Amid the religious difficulties of the time, the priests of St. Sulpice preserved an equally neutral and sagacious attitude, the only occasions upon which they betrayed anything like warmth of feeling being when the episcopal authority was threatened. They soon found out the spitefulness of M. de Lamennais, and would have nothing to do with him. The theological romanticism of Lacordaire and of Montalembert was not much more appreciated by them, the dogmatic ignorance and the very weak reasoning powers of this school indisposing them against it. They were fully alive to the danger of Catholic journalism. Ultramontanism they at first looked upon as merely a convenient method of appealing to a distant and often ill-informed authority from one nearer at hand, and less easy to inveigle. The older members, who had gone through their studies at the Sorbonne before the Revolution, were uncompromising partisans of the four propositions of 1682. Bossuet was their oracle on every point. One of the most respected of the directors, M. Boyer, had, while at Rome, a long argument with Pope Gregory XVI. upon the Gallican propositions. He asserted that the Pope could not answer his arguments. He detracted, it is true, from the significance of his success by admitting that no one in Rome took him au serieux, and the residents in the Vatican made sport of him as being "an antediluvian." It is a pity-that they did not pay more heed to what he said. A complete change took place about 1840. The older members whose training dated from before the Revolution were dead, and the younger ones nearly all rallied to the doctrine of papal infallibility; but there was, despite of that, a great gulf between these Ultramontanes of the eleventh hour and the impetuous deriders of Scholasticism and the Gallican Church who were enrolled under the banner of Lamennais. St. Sulpice never went so far as they did in trampling recognised rules under foot.

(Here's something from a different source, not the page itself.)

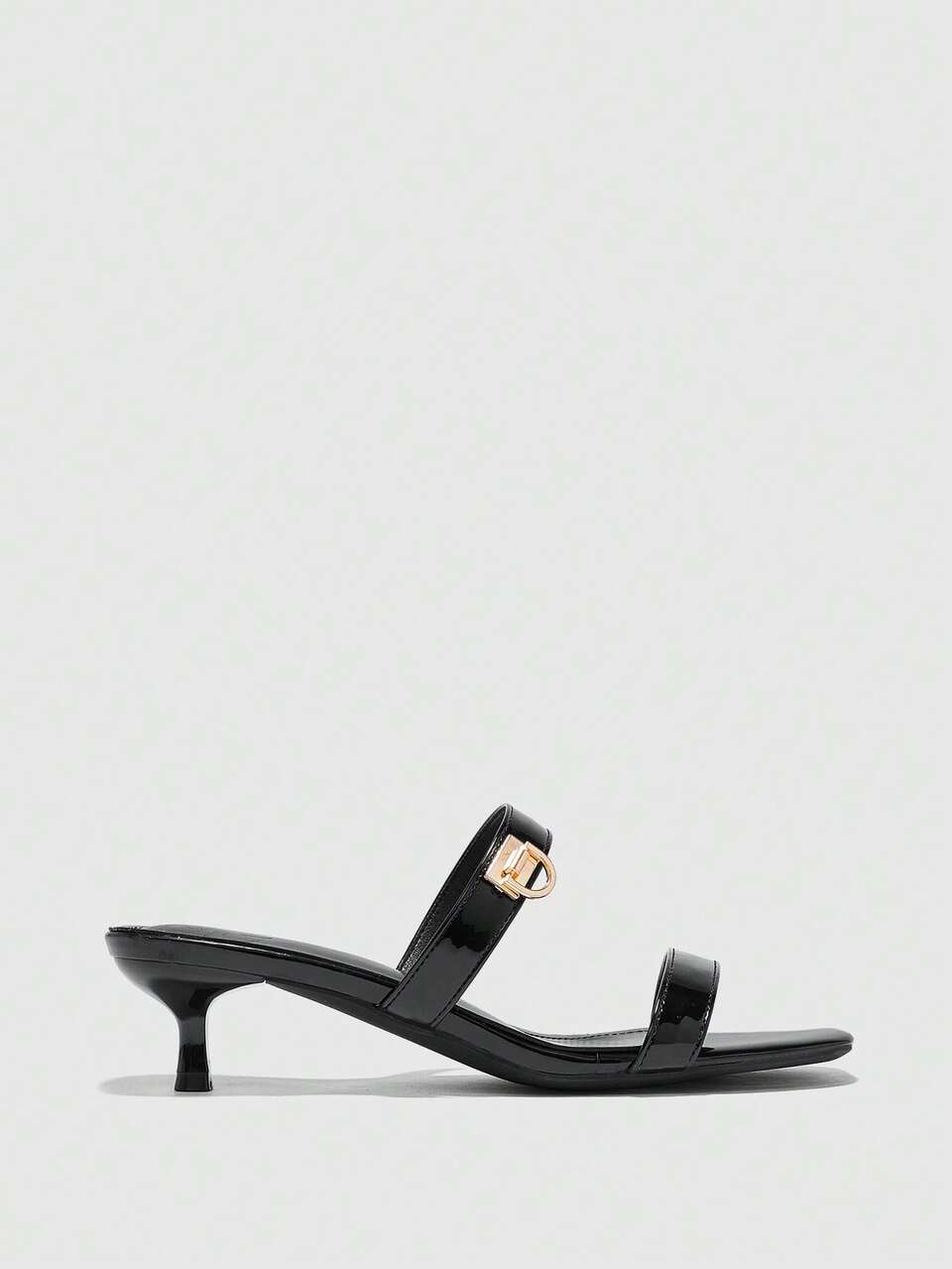CUCCOO BIZCHIC Women Shoes Spring And Summer New Black Striped Toe Metal Buckle Women's Middle Heel Sandals Slippers Simple, Stylish And Comfortable Daily Versatile Commuter Women's Sandals Women's Shoes Summer Shoes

It cannot be denied that mingled with all this there was a certain amount of antipathy against talent, and of resentment at interference with the routine of the schoolmen disturbed in their old-fashioned doctrines by troublesome innovators. But there was at the same time a good deal of practical tact in the rules followed by these prudent directors. They saw the danger of being more royalist than the king, and they knew how easy was the transition from one extreme to the other. Men less exempt than they were, from anything like vanity, would have exulted when Lamennais, the master of these brilliant paradoxes, who had represented them as being guilty of heresy and lukewarmness for the Holy See, himself became a heretic, and accused the Church of Rome of being the tomb of human souls and the mother of error. Age must not attempt to ape the ways of youth under penalty of being treated with disrespect.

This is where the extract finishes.